◆ Exercise details: Copy each line below as written, but skip the pictures.

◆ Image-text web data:
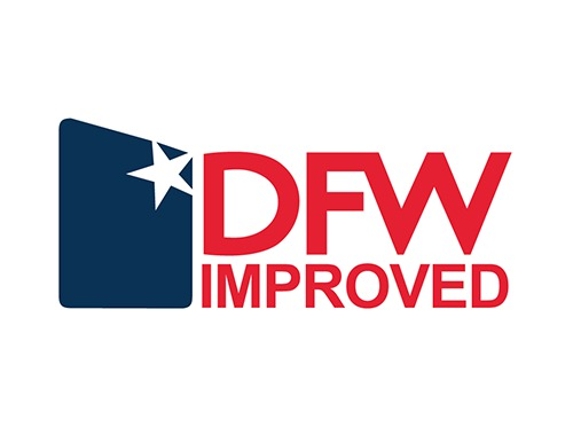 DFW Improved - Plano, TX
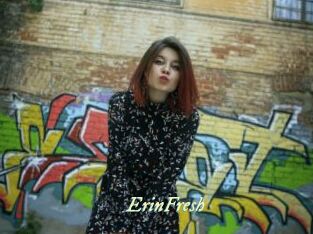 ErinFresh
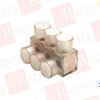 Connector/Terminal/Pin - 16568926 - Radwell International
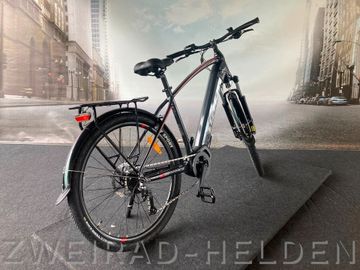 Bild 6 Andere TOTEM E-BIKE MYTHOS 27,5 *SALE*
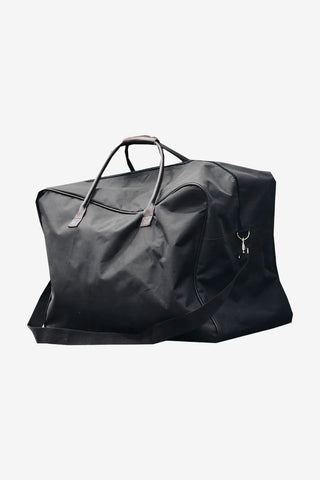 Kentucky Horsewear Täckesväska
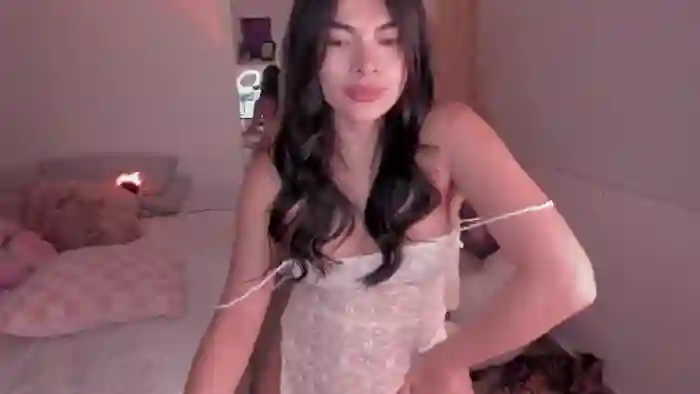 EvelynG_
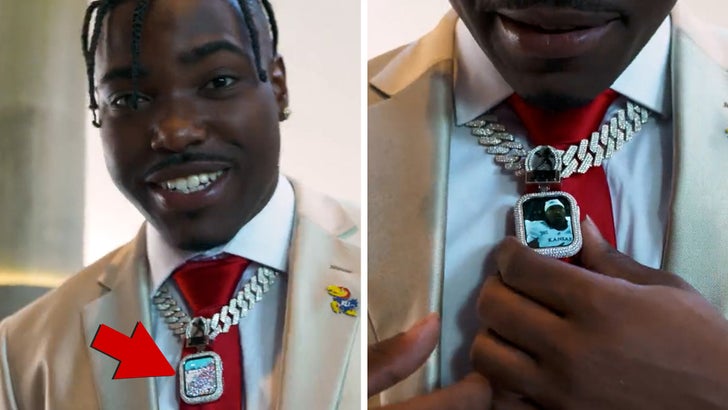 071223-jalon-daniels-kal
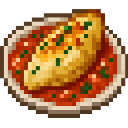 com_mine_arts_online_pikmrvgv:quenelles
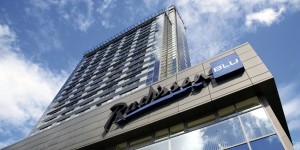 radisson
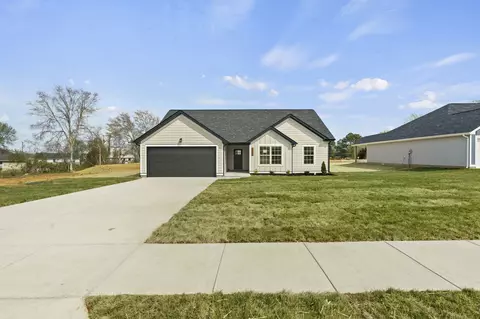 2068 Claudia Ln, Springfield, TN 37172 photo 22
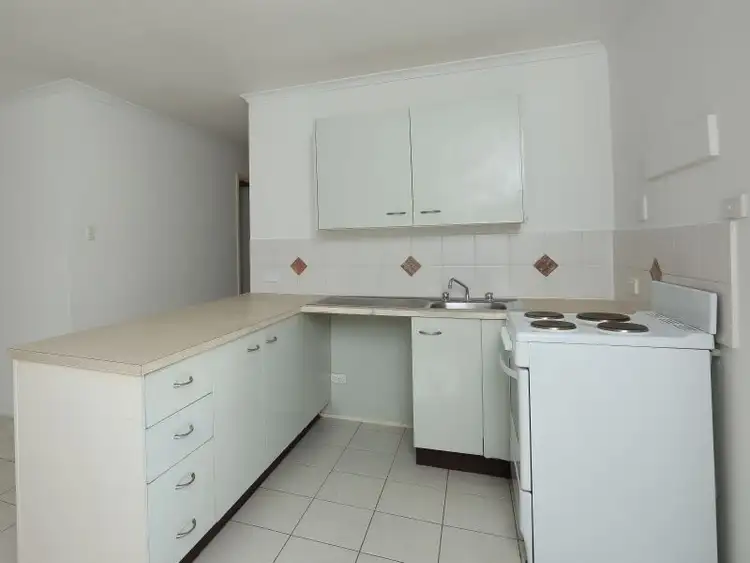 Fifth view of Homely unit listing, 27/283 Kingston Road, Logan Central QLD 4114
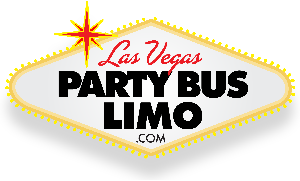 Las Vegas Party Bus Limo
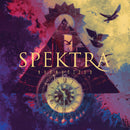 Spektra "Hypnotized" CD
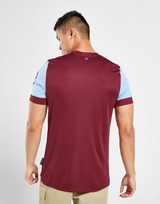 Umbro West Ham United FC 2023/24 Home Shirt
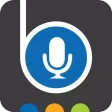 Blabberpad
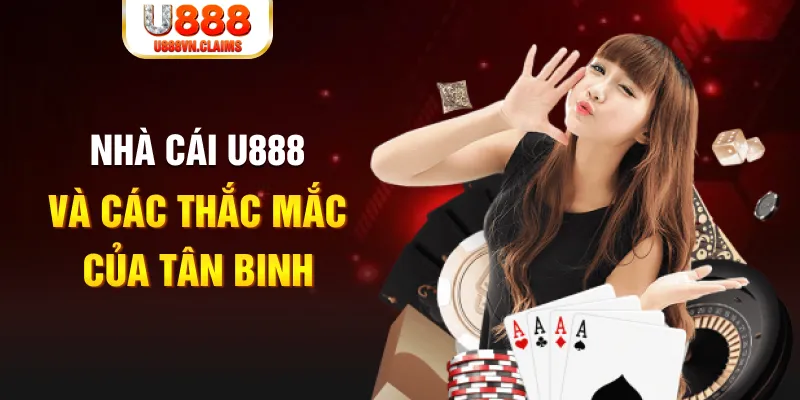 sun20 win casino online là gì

◆ Result of this exercise:
 DFW Improved - Plano, TX
 ErinFresh
 Connector/Terminal/Pin - 16568926 - Radwell International
 Bild 6 Andere TOTEM E-BIKE MYTHOS 27,5 *SALE*
 Kentucky Horsewear Täckesväska
 EvelynG_
 071223-jalon-daniels-kal
 com_mine_arts_online_pikmrvgv:quenelles
 radisson
 2068 Claudia Ln, Springfield, TN 37172 photo 22
 Fifth view of Homely unit listing, 27/283 Kingston Road, Logan Central QLD 4114
 Las Vegas Party Bus Limo
 Spektra "Hypnotized" CD
 Umbro West Ham United FC 2023/24 Home Shirt
 Blabberpad
 sun20 win casino online là gì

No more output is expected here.